Kawasan Bakau Itu Pun Jadi "Hutan'' Sampah

Sumber:Suara Pembaruan - 07 April 2007
Kategori:Sampah Luar Jakarta
Bali terkenal dengan wisata budaya dan baharinya, namun di provinsi ini terdapat taman hutan raya (tahura) menarik, yakni hutan bakau (mangrove) seluas 1.373 hektare. Hutan yang dibuat atas kerja sama dengan Pemerintah Jepang itu terdapat di Kecamatan Denpasar Selatan, dan Kecamatan Kuta (Kabupaten Badung).

Hutan yang penuh dengan kekayaan alam itu di bawah pengawasan Balai Pengelolaan Hutan Bakau Wilayah I Departemen Kehutanan.
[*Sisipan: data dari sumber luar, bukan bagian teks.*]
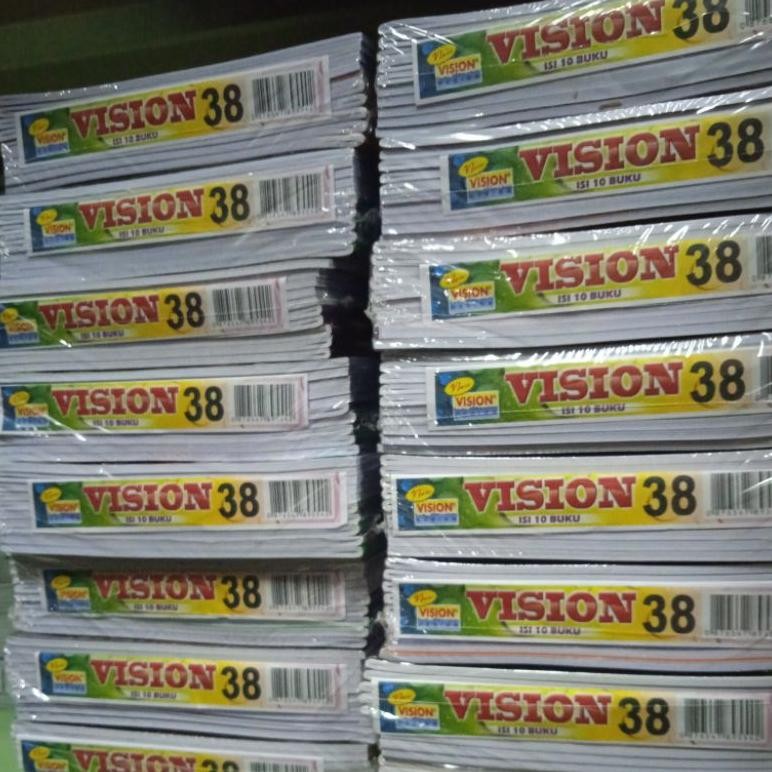 

Promo Buku Tulis Vision 38 Lembar (Isi 10 Buku)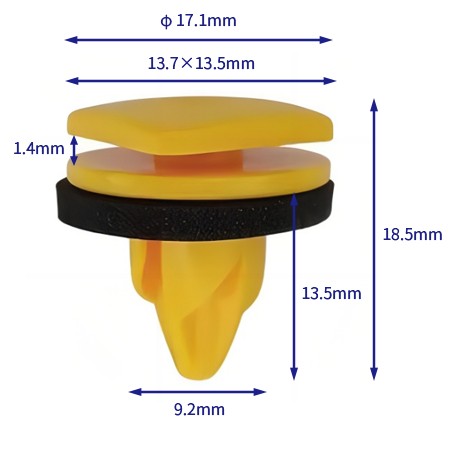 Car buckle fasteners (100/pack) Maserati: 675000609;L Chrysler: 68256487AA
Menurut Kepala Balai Pengelolaan Hutan Bakau Wilayah I, Sasmitohadi, sebelum dibuat hutan bakau, kawasan ini masih berupa tambak dan lahan-lahan pantai yang rusak, sehingga apabila terjadi bencana tsunami ketika itu, sangat riskan bagi Provinsi Bali.

"Barulah pada 1993, Dephut berupaya merehabilitasi kawasan tersebut, bekerja sama dengan pemerintah Jepang melalui JICA. Sejak itulah hutan bakau itulah mulai ada," kata Sasmitohadi baru-baru ini.

Dia mengungkapkan, keberadaan hutan bakau ini tidak hanya menjadi aset Bali, atau pun Indonesia, tetapi juga menjadi aset internasional. Karena hampir setiap hari selalu dikunjungi wisatawan dari luar negeri, bahkan hingga saat ini ada mahasiswa Jerman yang sedang melakukan penelitian di sana.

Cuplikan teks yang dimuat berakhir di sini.